54 When the centurion and those with him who were guarding Jesus saw the earthquake and all that had happened, they were terrified, and exclaimed, “Surely he was the Son of God!”
55 Many women were there, watching from a distance. They had followed Jesus from Galilee to care for his needs. 56 Among them were Mary Magdalene, Mary the mother of James and Joseph, and the mother of Zebedee’s sons.
The Burial of Jesus
57 As evening approached, there came a rich man from Arimathea, named Joseph, who had himself become a disciple of Jesus. 58 Going to Pilate, he asked for Jesus’ body, and Pilate ordered that it be given to him. 59 Joseph took the body, wrapped it in a clean linen cloth, 60 and placed it in his own new tomb that he had cut out of the rock. He rolled a big stone in front of the entrance to the tomb and went away. 61 Mary Magdalene and the other Mary were sitting there opposite the tomb.

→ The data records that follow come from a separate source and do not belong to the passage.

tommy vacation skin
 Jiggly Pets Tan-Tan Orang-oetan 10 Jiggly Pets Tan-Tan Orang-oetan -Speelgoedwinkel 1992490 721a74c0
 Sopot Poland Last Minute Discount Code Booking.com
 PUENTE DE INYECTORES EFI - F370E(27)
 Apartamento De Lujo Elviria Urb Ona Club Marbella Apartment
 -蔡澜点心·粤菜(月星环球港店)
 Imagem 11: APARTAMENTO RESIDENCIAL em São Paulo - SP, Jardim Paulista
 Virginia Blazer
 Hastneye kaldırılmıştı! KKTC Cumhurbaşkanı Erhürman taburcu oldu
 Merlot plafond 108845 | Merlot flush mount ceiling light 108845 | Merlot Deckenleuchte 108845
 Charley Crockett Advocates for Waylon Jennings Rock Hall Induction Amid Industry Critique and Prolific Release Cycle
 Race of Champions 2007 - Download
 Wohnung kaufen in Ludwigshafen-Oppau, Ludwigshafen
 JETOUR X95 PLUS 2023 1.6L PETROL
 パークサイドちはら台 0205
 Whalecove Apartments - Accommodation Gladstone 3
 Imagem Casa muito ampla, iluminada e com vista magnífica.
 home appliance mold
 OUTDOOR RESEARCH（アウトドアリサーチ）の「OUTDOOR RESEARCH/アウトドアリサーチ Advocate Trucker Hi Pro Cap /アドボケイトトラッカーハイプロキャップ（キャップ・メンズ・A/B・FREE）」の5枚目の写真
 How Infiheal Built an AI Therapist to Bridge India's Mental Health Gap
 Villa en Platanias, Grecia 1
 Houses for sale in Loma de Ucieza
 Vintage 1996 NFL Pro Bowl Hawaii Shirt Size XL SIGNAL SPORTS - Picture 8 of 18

62 The next day, the one after Preparation Day, the chief priests and the Pharisees went to Pilate. 63 “Sir,” they said, “we remember that while he was still alive that deceiver said, ‘After three days I will rise again.’ 64 So give the order for the tomb to be made secure until the third day. Otherwise, his disciples may come and steal the body and tell the people that he has been raised from the dead. This last deception will be worse than the first.”
The Guard at the Tomb
65 “Take a guard,” Pilate answered. “Go, make the tomb as secure as you know how.” 66 So they went and made the tomb secure by putting a seal on the stone and posting the guard.
THINK ABOUT IT…WHAT WE LEARN
(Excerpts for Commentary by Warren Wiersbe)
Jesus had spoken at least three times before this darkness fell. While they were crucifying Him, He repeatedly prayed, “Father, forgive them, for they know not what they do” (Luke 23:34). He had spoken to the repentant thief and assured him a place in paradise (Luke 23:39–43). He had also given His mother into the care of His beloved disciple, John (John 19:18–27). But when the darkness came, Jesus was silent for three hours.
After three hours, the darkness left. Then Jesus cried, “My God, my God, why hast thou forsaken me?” This was a direct quotation from Psalm 22:1. It was during the time of darkness that Jesus had been made sin for us (2 Cor. 5:21). He had been forsaken by the Father! That darkness was a symbol of the judgment that He endured when He was “made a curse” for us (Gal. 3:13). Psalm 22:2 suggests a period of light and a period of darkness, and Psalm 22:3 emphasizes the holiness of God. How could a holy God look with favor on His Son who had become sin?
In rapid succession, the Lord spoke three more times. He said, “I thirst” (John 19:28), and this fulfilled Psalm 69:21. Someone took pity on Him and moistened His lips with some sour wine. The others waited to see if perhaps Elijah would come to His rescue. Then Jesus shouted, “It is finished! Father, into thy hands I commit my spirit!” The fact that Jesus shouted with a loud voice indicates that He was in complete control of His faculties. Then He voluntarily yielded up His spirit and died.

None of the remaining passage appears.